With their sixth full-length release, Back to Land, which was released last week, the San Francisco- and Portland-based band incorporates a bit more pop-rock into their music yet at the same time remaining true to their brand of psyche-rock. Wooden Shjips are currently touring in support of the album, which included a stop in Montreal. The show was intimate, but the music was throbbing. After almost a decade of music, Back to Land could be their breakthrough. Here’s the title track from the album, and you can find their upcoming tour dates here.
Prissy Clerks, are writing catch, indie-pop-rock tunes reminiscent of The Vaselines, Sleater Kinney, and The Dum Dum Girls. Comprising of Clara Salyer, Tim Leick, Jr., Emily Lazear, Howard Hamilton III, and Dylan Ritchie, Bruise of Be Bruised is the the young Minneapolis band’s first full-length album, which was released in December 2012 and you can buy it here. Here is a track from their album, “Blast-Off Girls” that has catchy hooks and a post-punk feel. And catch while you can as they hit small venues around the US and Europe in the coming months.
Manchester’s The Slow Readers Club has drawn comparisons to Interpol and The Killers with its lo-fi sound. Comprised of Aaron Starkie, Kurtis Starkie, James Ryan, and David Whitworth, the Slow Readers Club also has similarities to another UK band, The Arctic Monkeys, who moved away from the dance-rock tunes of their earlier albums to slow rock burners. Just last week, The Slow Readers Club released a new single, “Forever in Your Debt”, which is a dark, bass-heavy slow burner that incorporates all the sounds of the bands with whom they have been compared.
One of the most talked-about acts coming out from the annual CMJ Music Marathon last month was Joanne Gruesome. The Welsh quintet is loud, exuberant, and intense. Their sound is still raw yet electrifying. On their debut album, Weird Sister, which was released in in January of this year and can be purchased here, takes the listener on a jubilant, whirlwind tour of post-punk and indie-rock music. “Sugarcrush” epitomizes the sound and rambunctiousness of the young, emerging band.
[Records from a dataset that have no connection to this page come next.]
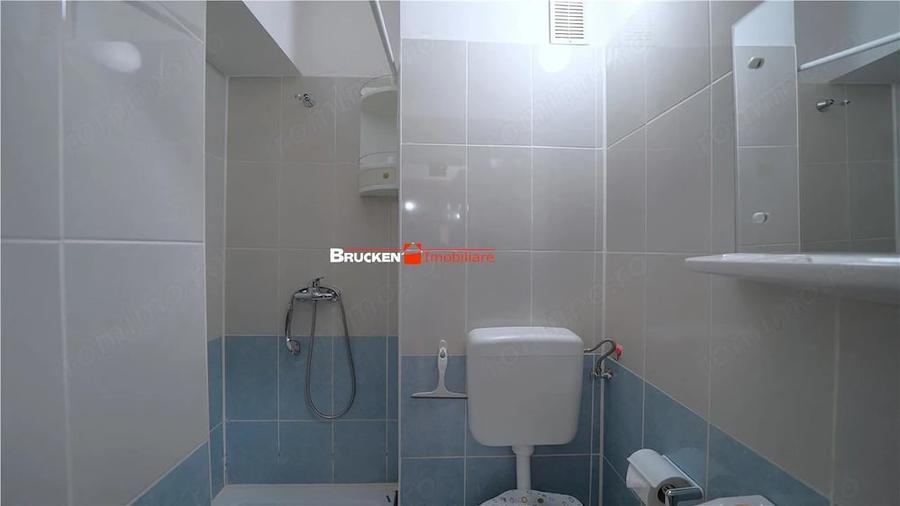 Apartament cu 4 camere în Ultracentral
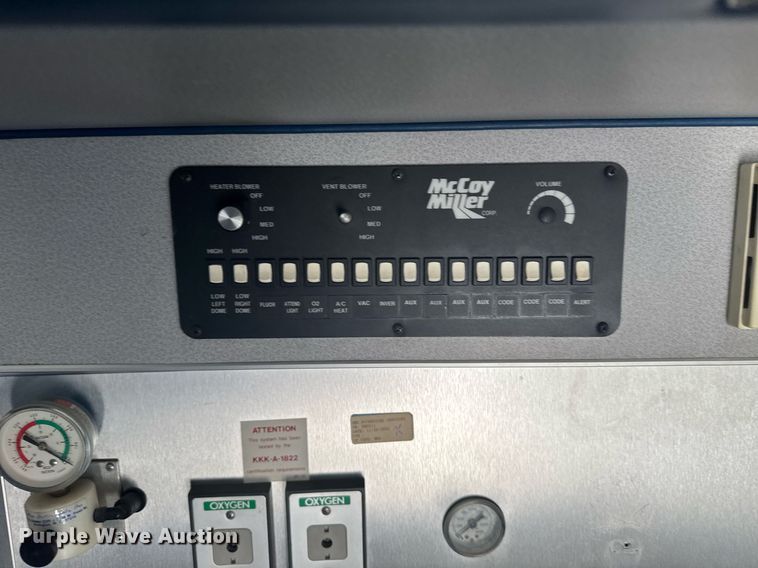 image for item NN9634 1994 Ford E350 ambulance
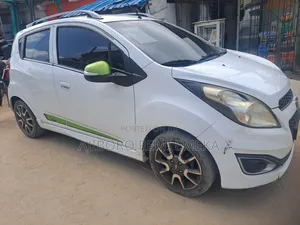 Chevrolet Spark 1LT 4dr Hatchback (1.2L 4cyl CVT) 2014 White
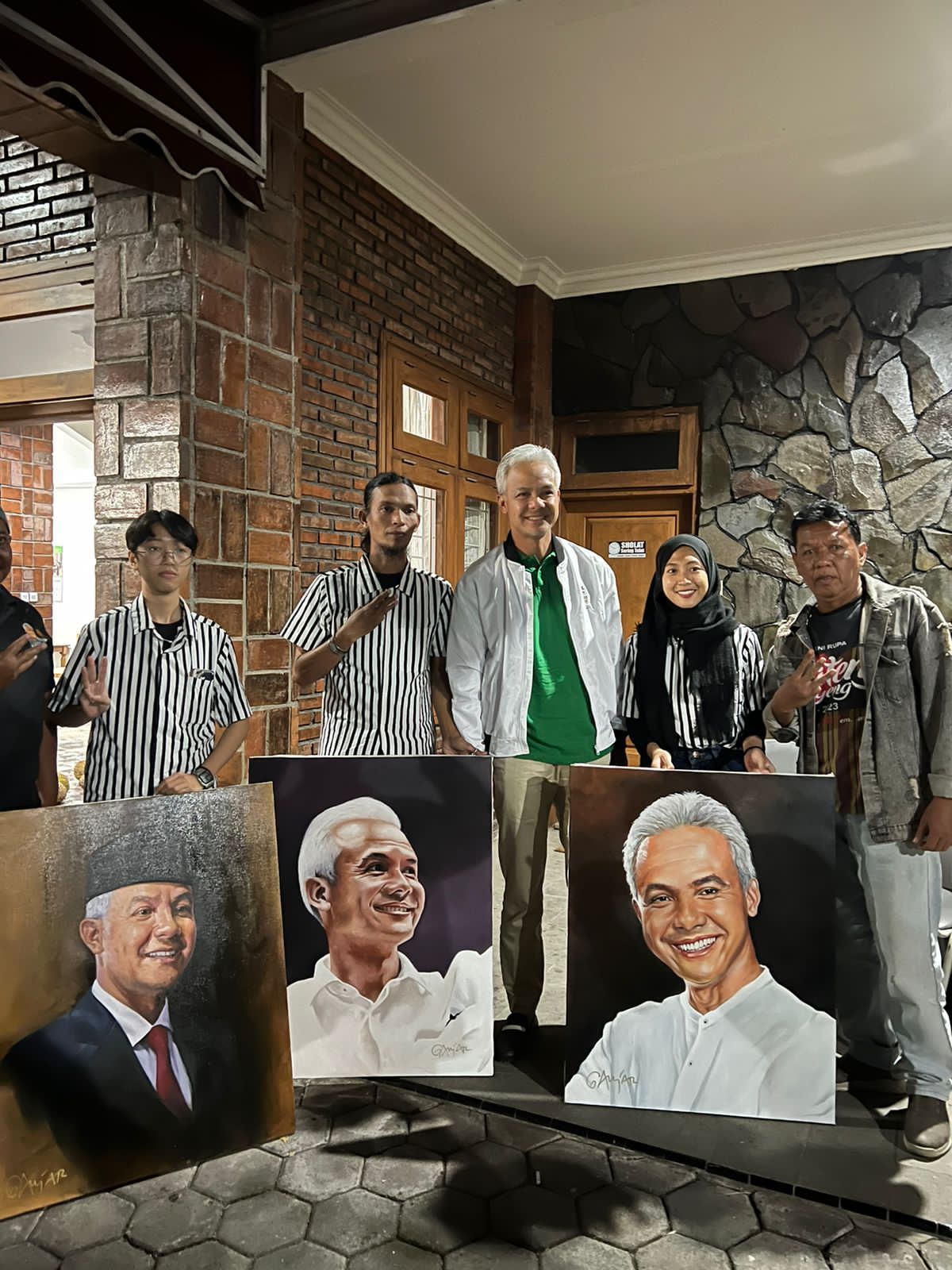 Capres nomor urut 3 Ganjar Pranowo menerima dukungan dari perwakilan 40 pelukis se Solo Raya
LYON is the music project of Canadian Lauren Malyon. In August, she released her first EP, Indian Summer, that consists of five, synth-pop songs. The self-title first track has received media attention in Canada, including CBC Radio 3. Malyon’s voice is tender but her songs are heartbreaking at times, reflecting the personal journey that Malyon took when writing the EP. The video for “Indian Summer” is many ways personifies Malyon’s journey.